We all agree that seeing truth brought out, justice done, and wrongdoers held more accountable than anyone in the EB-5 scandal are the primary goals of the GEAR UP trials. But let’s look at the political import of these trials. If Marty Jackley wins the primary (my 58–42 Jackley win prediction seems confounded by the new poll showing Noem and Jackley in a statistical dead heat, but I’m sticking with an edge for Jackley on Tuesday, because Noem is using a lot of Democratic-flavored arguments to win Republican primary voters), he’ll be booked for at least two solid weeks in the courtroom. The first week, starting June 25, will be after the conventions, and everyone will be at the lake with Dennis Daugaard, so being trapped in a Sioux Falls courtroom won’t affect campaigning much. But the second, starting October 1, comes in the heart of campaign crunch time. With early voting going on by that time, you can bet that Billie Sutton will be wheeling all over the state, attending every available daytime event that Marty won’t be able to make.

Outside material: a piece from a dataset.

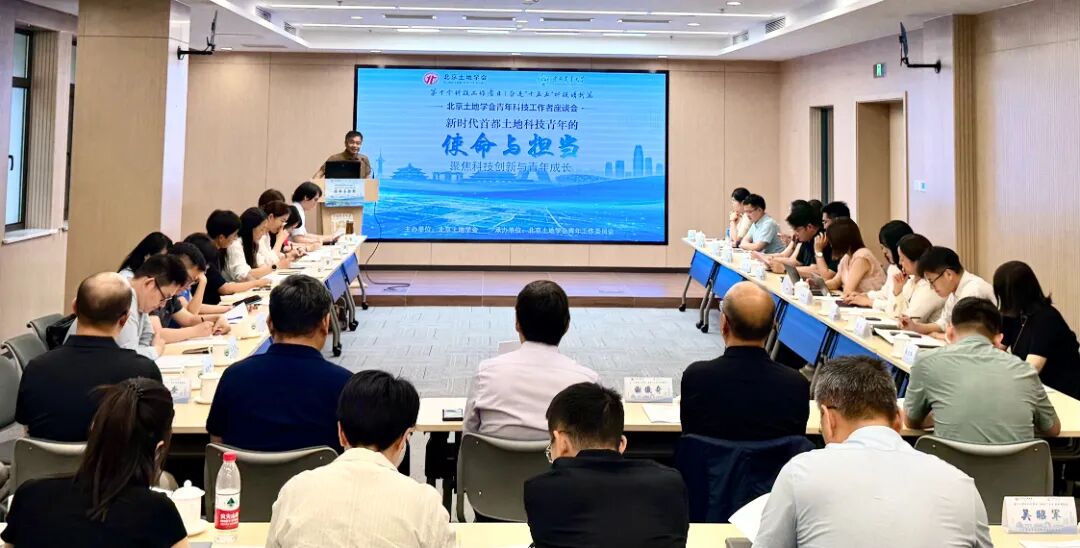 微信图片_20260601094723_177_12.jpg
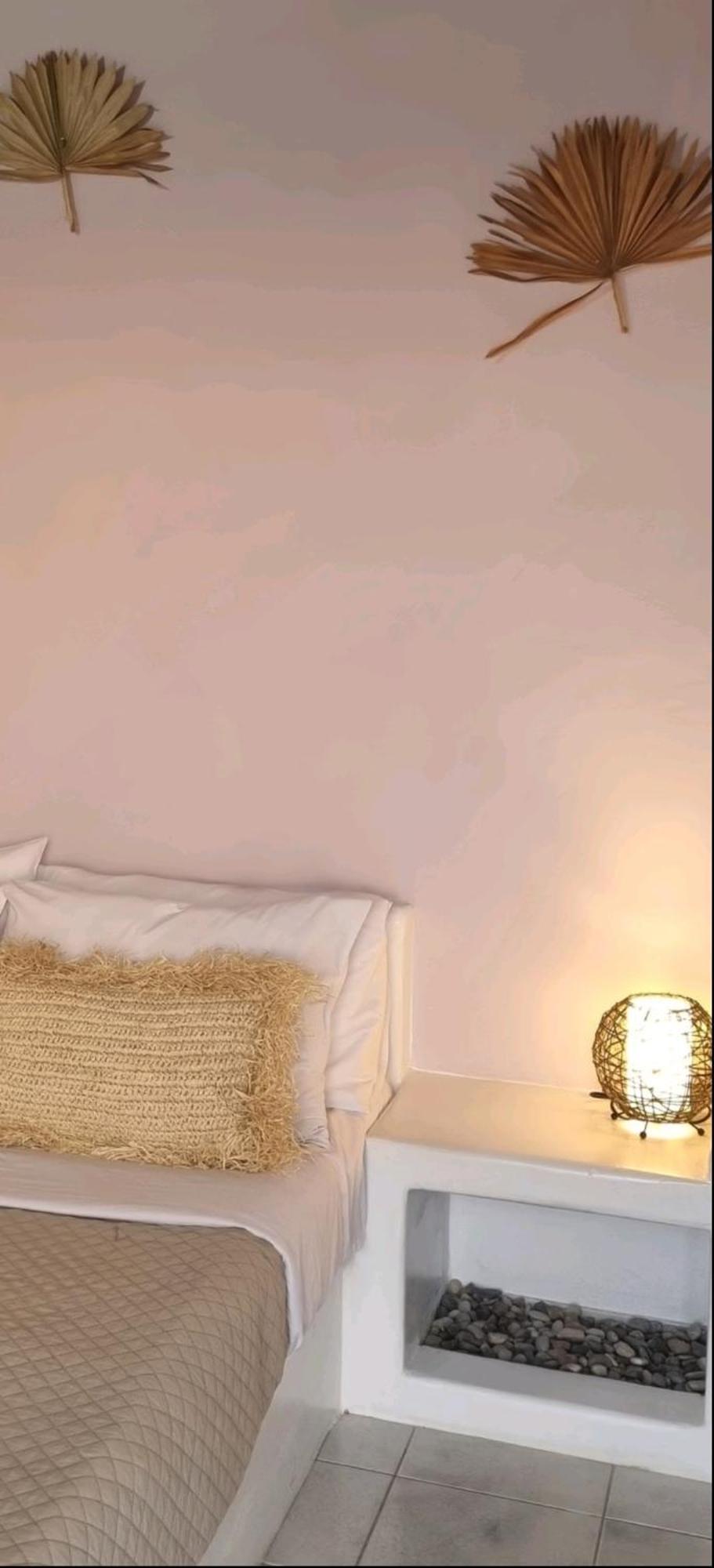 Apartment Kanelis &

But Sutton won’t have the field entirely to himself. The fact that the defendants won a change of venue to the largest media market in the state helps their prosecutor out politically. Jackley can prosecute merrily away all day, then spend his evenings working the Sioux Falls media and events in the greater metro area, with easy access to a quarter of the state’s voters.
Worse, Sutton may have to shout twice as loudly to get press for his events. The GEAR UP trials may keep Jackley from speaking at Chamber lunches and knocking on doors during the day and up in Aberdeen and out in West River, but the trials will guarantee that Jackley leads every nightly newscast and morning paper in every media corner of the state. The free press from the GEAR UP trials may just outweigh the campaign facetime he loses being tied to Sioux Falls that week.
Of course, the benefits of that free press depend entirely on Jackley’s not fumbling the GEAR UP trials the way he did the Flandreau pot cases. If Jackley’s prosecutions fail, or if he comes away from Bollenesque wrist-slaps for smirking GEAR UP defendants, Jackley will wish the change of venue had been from Charles Mix to Harding County, not Minnehaha. Failure to put Guericke and Phelps in prison in October puts eight points in Sutton’s column.
This is all cynical political reading. The straight, generous, non-bloggy, non-partisan read is that Jackley plans to try the GEAR UP cases in person because he recognizes grave crimes were committed that demand the attention of South Dakota’s top prosecutor. But we cannot ignore the political implications of such major corruption trials happening in the midst of the chief prosecutor’s gubernatorial campaign, with the potential for a stunning jury verdict less than a month before the general election.